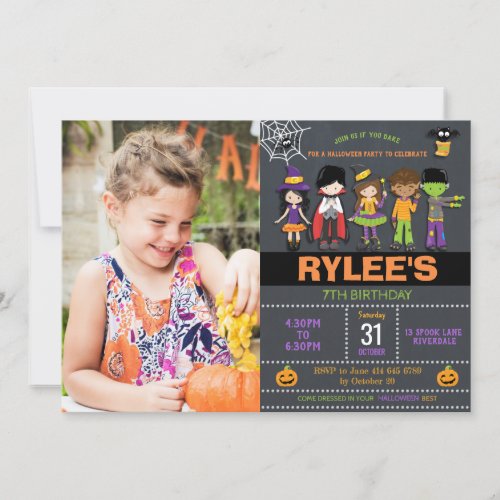 Halloween Birthday Costume Party Photo Invitation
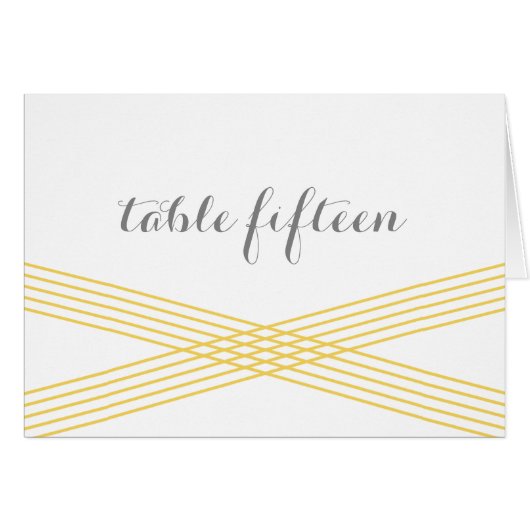 Carte de numéro de table Jaune moderne (Devant horizontal)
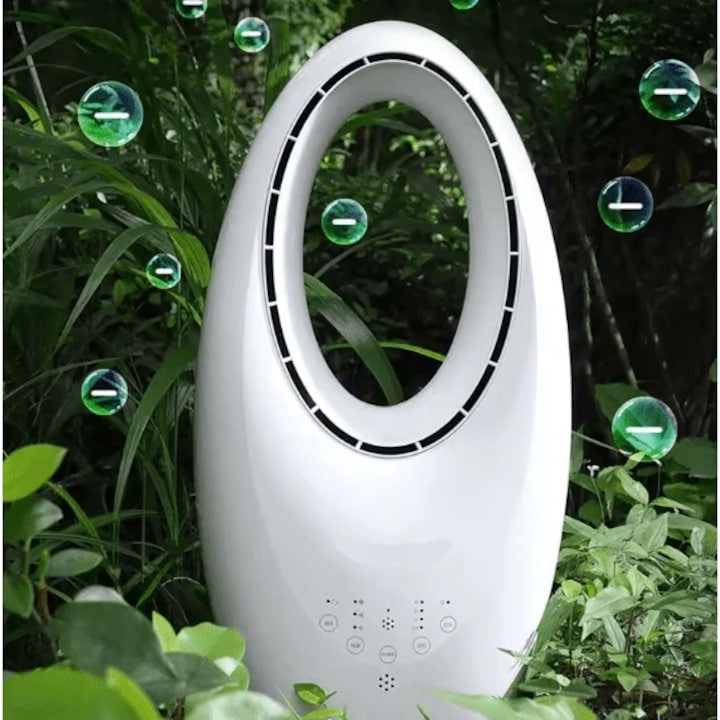 Ventilator si purificator aer Tobi Bladeless, Oscilant, LED, Telecomanda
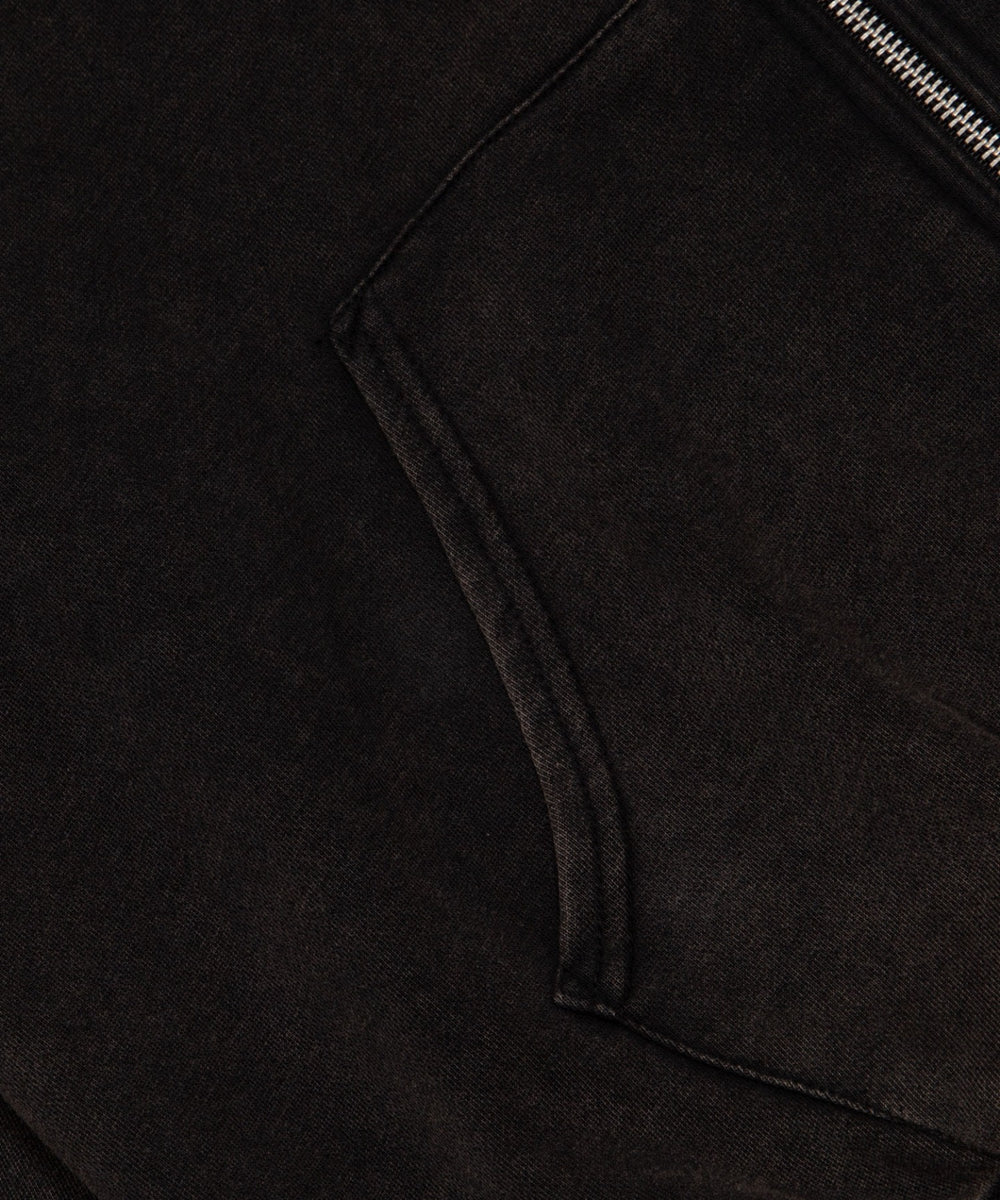 ハードウォッシュ裏毛Wジップパーカー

→ YOUR ASSIGNMENT
Print the lines from the one that contains "Carte de numéro" through the last line of the data, exactly and in full, and no other lines. Pictures are not part of the copy.

→ RESULT FOR THIS EXERCISE
 Carte de numéro de table Jaune moderne (Devant horizontal)
 Ventilator si purificator aer Tobi Bladeless, Oscilant, LED, Telecomanda
 ハードウォッシュ裏毛Wジップパーカー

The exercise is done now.